Sherlock chokes on his tea, and I don't get to sit down with mine, I'm already soothing and checking over my friend. He's sputtering and coughing, and pushing me away, and I'm feeling guilty and confused – have I made such horrible tea (is that oxymoron a possible thing)?

I dismiss Mrs Hudson telling her not to worry and good night (no reason ever to not be polite), before I turn all my attention to the skinny detective (getting skinnier through the long suffering days).

'Sherlock, deep breaths, mate.'

'I'm alright', he manages, clearing his throat repeatedly. What he hell brought this on? I'm holding his back up with an arm wrapped around him, carefully studying his breathing. He stops pushing me away and suddenly pulls me into a heartfelt hug.

I find no difficulty in reciprocating the hug.

It's a weird tense time for all of us. Maybe we no longer need a fully rational reason for a hug these days.

'Better?' I ask, as he starts awkwardly pulling apart.

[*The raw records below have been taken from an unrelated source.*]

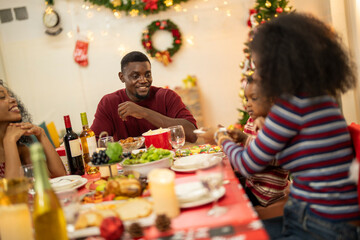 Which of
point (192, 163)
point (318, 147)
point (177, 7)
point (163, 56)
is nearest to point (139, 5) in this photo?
point (177, 7)

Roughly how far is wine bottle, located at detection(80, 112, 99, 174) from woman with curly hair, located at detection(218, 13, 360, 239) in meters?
1.05

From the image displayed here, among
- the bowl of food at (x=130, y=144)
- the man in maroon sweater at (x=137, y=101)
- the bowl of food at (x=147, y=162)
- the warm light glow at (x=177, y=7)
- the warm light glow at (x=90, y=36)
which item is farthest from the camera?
the warm light glow at (x=90, y=36)

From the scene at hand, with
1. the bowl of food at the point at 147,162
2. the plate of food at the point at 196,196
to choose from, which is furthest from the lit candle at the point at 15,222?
the bowl of food at the point at 147,162

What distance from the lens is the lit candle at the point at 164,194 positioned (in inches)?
41.4

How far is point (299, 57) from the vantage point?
115cm

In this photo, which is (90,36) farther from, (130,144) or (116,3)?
(130,144)

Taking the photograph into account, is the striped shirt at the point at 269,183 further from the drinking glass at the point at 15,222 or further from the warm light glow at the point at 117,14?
the warm light glow at the point at 117,14

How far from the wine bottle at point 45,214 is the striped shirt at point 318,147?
0.69 metres

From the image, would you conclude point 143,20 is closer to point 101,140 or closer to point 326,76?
point 101,140

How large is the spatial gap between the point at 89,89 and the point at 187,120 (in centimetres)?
307

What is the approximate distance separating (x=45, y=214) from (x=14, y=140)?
1.03 meters

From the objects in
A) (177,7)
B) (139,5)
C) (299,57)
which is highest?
(139,5)

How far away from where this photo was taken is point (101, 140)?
78.0 inches

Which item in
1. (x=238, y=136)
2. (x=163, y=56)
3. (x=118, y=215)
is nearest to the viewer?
(x=118, y=215) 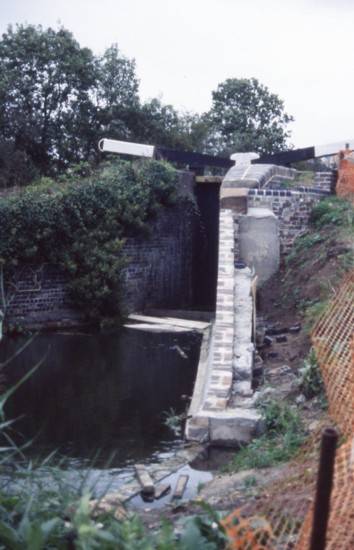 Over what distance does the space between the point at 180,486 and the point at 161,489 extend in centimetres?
15

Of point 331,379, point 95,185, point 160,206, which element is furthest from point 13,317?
point 331,379

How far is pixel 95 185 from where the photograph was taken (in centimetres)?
1261

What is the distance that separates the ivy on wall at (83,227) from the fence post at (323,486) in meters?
9.88

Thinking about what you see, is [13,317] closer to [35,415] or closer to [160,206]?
[160,206]

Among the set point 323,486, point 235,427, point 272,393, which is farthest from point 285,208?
point 323,486

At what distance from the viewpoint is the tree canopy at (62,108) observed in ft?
80.9

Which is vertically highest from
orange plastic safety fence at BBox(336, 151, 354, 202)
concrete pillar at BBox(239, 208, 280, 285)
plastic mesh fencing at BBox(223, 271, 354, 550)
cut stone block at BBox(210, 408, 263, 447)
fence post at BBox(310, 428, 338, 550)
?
orange plastic safety fence at BBox(336, 151, 354, 202)

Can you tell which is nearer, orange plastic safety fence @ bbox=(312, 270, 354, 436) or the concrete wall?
orange plastic safety fence @ bbox=(312, 270, 354, 436)

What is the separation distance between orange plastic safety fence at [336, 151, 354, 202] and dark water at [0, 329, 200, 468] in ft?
13.2

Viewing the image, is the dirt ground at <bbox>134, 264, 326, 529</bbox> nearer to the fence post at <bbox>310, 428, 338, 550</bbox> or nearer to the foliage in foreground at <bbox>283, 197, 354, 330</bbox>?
the foliage in foreground at <bbox>283, 197, 354, 330</bbox>

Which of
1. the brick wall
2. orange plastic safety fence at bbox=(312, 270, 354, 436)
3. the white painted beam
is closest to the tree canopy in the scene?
the white painted beam

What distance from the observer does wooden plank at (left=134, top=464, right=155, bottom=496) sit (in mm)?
4652

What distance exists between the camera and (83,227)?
12305 mm

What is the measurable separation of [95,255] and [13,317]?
2006 mm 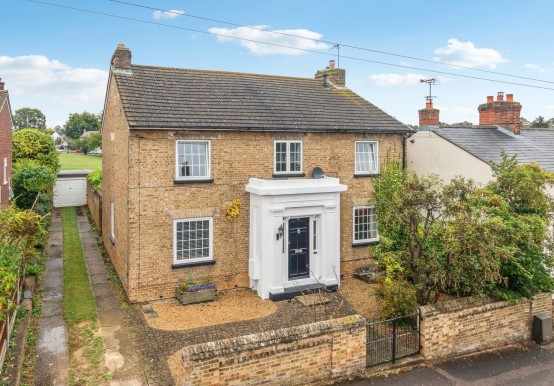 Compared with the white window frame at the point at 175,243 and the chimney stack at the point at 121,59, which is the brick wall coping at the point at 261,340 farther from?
the chimney stack at the point at 121,59

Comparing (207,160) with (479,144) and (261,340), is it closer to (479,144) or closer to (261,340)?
(261,340)

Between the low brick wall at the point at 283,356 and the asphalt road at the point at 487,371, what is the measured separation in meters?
0.66

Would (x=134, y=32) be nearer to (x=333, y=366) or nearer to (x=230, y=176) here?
(x=230, y=176)

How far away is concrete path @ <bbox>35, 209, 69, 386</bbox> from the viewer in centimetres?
970

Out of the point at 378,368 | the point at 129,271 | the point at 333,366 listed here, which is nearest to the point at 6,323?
the point at 129,271

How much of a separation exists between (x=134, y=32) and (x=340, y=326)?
604 inches

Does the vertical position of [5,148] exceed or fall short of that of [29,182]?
it exceeds it

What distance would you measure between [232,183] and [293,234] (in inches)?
118

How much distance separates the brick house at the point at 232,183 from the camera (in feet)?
48.9

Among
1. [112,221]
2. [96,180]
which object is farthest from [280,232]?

He nods, childlike shy.

I feel better myself too.

'Just drop it, John', he pre-empts as I pull up breath to say something jokey about two blokes hugging each other.

I huff, a bit surprised at the mind reading, but diverge instead.

'Wanna watch some mindless drivel on the telly instead?'

It can give Sherlock a chance to stack up his mind powers against the unrealistic ingenuity of crime drama screenwriters. Sherlock usually demolishes the investigative procedures featured (DNA analysis takes longer than that, her dress would have shed fibres all over the crime scene, did he just pick up evidence off the floor with bare hands and he is running it for prints? John this is terrible! Even Anderson does a marginally better job on his off days!)

Sherlock nods to the telly suggestion and shuffles over so I can sit next to him on the sofa. He hands me the remote and I turn over channel after channel to find something to distract us both from the strangeness that has befallen the world outside our windows.

Silently, and slowly so to wait for valid consent from my ascetically educated friend, I wrap an around behind his back and lean in to his warm shoulder. He hums tonelessly, in a way I know to recognise as it's alright. Soon I find his chin resting atop my head (damned height difference!), making mine shift to the crook of his neck where it fits comfortably. The telly drivels on. The cold tea dregs taint inner rims in our old mugs.